Every line of the data below should be repeated exactly, and no picture should be copied.

[[ Available data, beginning ]]

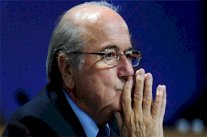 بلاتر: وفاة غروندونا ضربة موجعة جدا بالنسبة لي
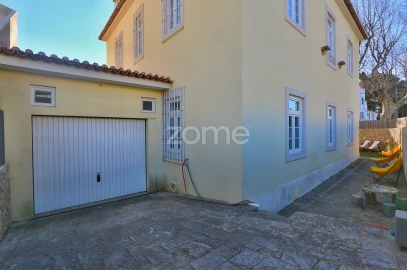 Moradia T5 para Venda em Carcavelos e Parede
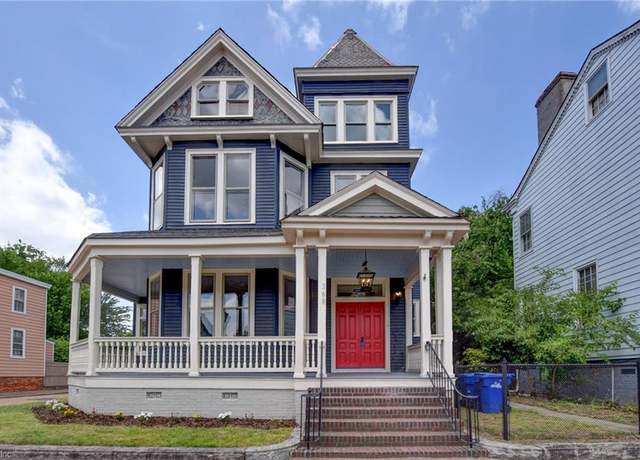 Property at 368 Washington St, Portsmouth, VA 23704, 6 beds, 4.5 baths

[[ Available data, end ]]

_Result of the exercise_.
 بلاتر: وفاة غروندونا ضربة موجعة جدا بالنسبة لي
 Moradia T5 para Venda em Carcavelos e Parede
 Property at 368 Washington St, Portsmouth, VA 23704, 6 beds, 4.5 baths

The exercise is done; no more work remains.